Not: Zalimler de Sever’in (1967) ikinci çevrimi.

►Üsküdar Ceza ve Tevkif Evi’. Kemal Tekin’in tahliye günü. Koğuşta hummalı bir hazırlık var. Mahkûmlar Onun sakal tıraşı, ayakkabıları, ceketi, paltosu, atkısı için seferber. Kahramanımız da herkese para ve dörder paket sigara dağıtıyor. Kendisine hediye edilen tespihi film boyunca elinden bırakmayacaktır. O günlerde ülkemiz 12 Mart’la cebelleşiyordu. Filmin ise böyle ‘sosyal uyanış’ ve onun gerisinde kalan ‘ekonomik gelişme’ gibi şeylerle ilgisi yok.
‘Topal’, Beyoğlu’nda bir çete reisi. ‘Meslek icabı’ çok sert ve acımasız. Yürürken hafifçe aksamasının nedenini sonra öğreneceğiz. Sağ ayağındaki yürüme cihazı, ayakkabısına ‘monteli’. Paltosu hep omzunda, sakız gibi beyaz atkısı da boynunda.

Hapisten çıktığında [‘Bir Pınar Ki’ (1972) filminde gördüğümüz] ‘34 LR 991’ plakalı Beyaz Mercedes ve adamları Onu bekliyordu.

“Ver bakalım.” Arabada ilk sözleri bunlar. Bekir’in uzattığı tabancayı 3 kez öperek başına koyuyor. Sonra doğru Feriköy Mezarlığı’ndaki annesine.
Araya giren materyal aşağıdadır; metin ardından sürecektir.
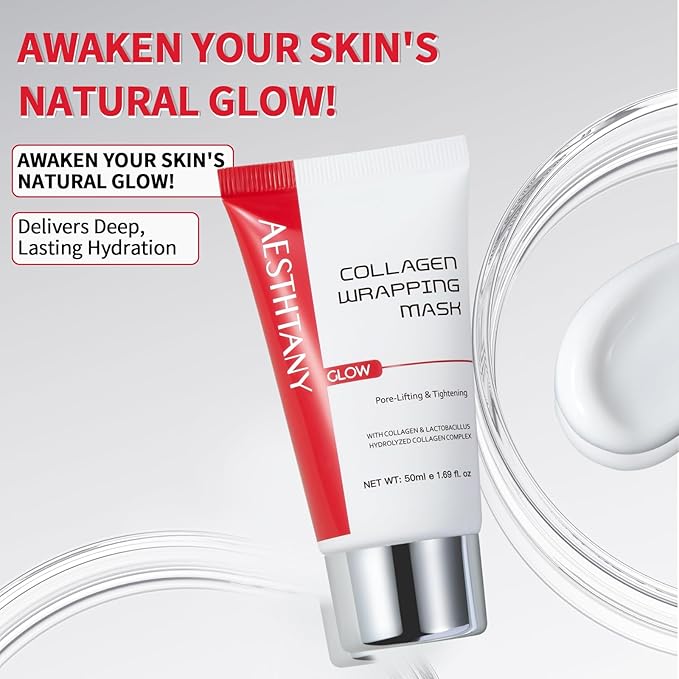 Collagen Peel Off Mask with Peptides and 4D Hyaluronic Acid for Firming, Hydrating, Pore Minimizing, and Fine Line Reduction
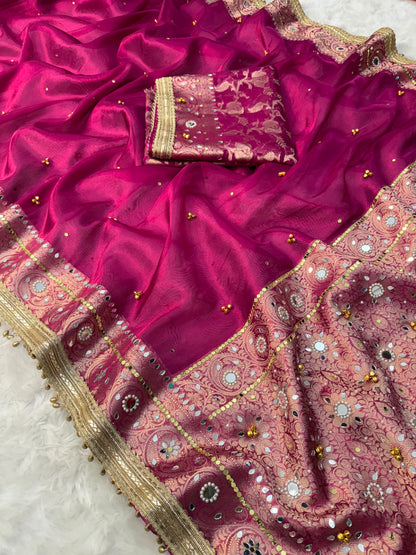 Rani Pink Viral Ghungroo Saree – Banarasi Soft Tissue Silk | Thesareeghar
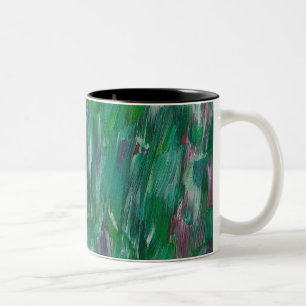 Verborgenes Grün Rot Weiß Bunt Abstrakt Kunst Zweifarbige Tasse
Rüzgâr sesi eşliğinde söyledikleri; “Epeydir ayrı kaldık anacığım. İşte gene geldim sana. Beni böylesine görmeni isterdim. Nasıl saygı gördüğümü insanları nasıl ezdiğimi görmeni isterdim. İnsanları ezeceğim ve yalnız seni seveceğim.”
Tekrar çetenin başında. Kahramanımız sanki yerli ‘Robin Hood’. İşadamlarının aralarındaki akçalı sorunları hallederken kazandıklarını hapisten yeni çıkıp ‘artık bu yollara dolaşmak istemeyen garibanlara’ veriyor. Ant İnşaat Şirketi’ne para kaptırıp tapusunu alamayan yaşlı kadına yardım ediş şekli harikaydı.

Bu arada kaçak sigara, viski işleri ve gazinolardan ‘tahsilât’ devam ediyor. Tek üzücü olay Kazım Babanın kaybı. Rahmetli, ölmeden oğlunu kollamasını istemişti. “Benim vaktim geldi Kemal’im. Yolcuyum biliyorum. Oğlum sana emanet. İlle de okusun. Bizim yollara düşmesin… Erol’a mukayyet ol. Yolu sapıttı. Aklı fikri kumarda. Söz ver bana…”

Erol’la karşılaştığımızda Acem’in bitirimhanesinde barbut oynuyordu. Kahramanımız kendisine ‘kelek yapan’ rakibi Haydar’ın da sol kolunu “Bana ‘Topal’ diyorlarsa sana da ‘Çolak’ diyecekler.” Ama bu sertlikleri ilerde pahalıya mal olacaktır.

4 kişilik Kadınlar Korosu, Tahsin Karakuş’un kürdîlihicazkâr şarkısından sonra sahneyi boşaltıyor. Bizimkiler de tam takım orada. Mekânın sahibi Yaşar Şener, yerlere kadar eğilerek viski getirmiş. Ama Kemal’in amacı eğlenmek değil (birkaç ‘yâd etmek’. ‘Kızlara’ dağıtılmak üzere bir tomar banknot bırakır. “Benden olduğunu da söyleme sakın.”
“Tam gidecekken, Gönül Akkor’un sesiyle şarkı söyleyen Zeynep O’nu durdurur. Gazino sahibiyle aralarındaki kısa konuşma Beyoğlu’ndaki acımasızlığı da gösteriyor. Kemal; “Kim bu?”
Yaşar Şener; “Daha bugün düştü. Gönlün çektiyse getireyim sana.”
Yaşar, genç kızı yaka paça Kemal’in evine sürüklemiş. “Hava bastı. ‘Kızmış’ güya. ‘İlk defa çalışıyormuş’ … Kemal, bu kez de “Gönülsüz karıyı kim istedi sizden” diyerek gazinocu ve adamını sille tokat kovuyor.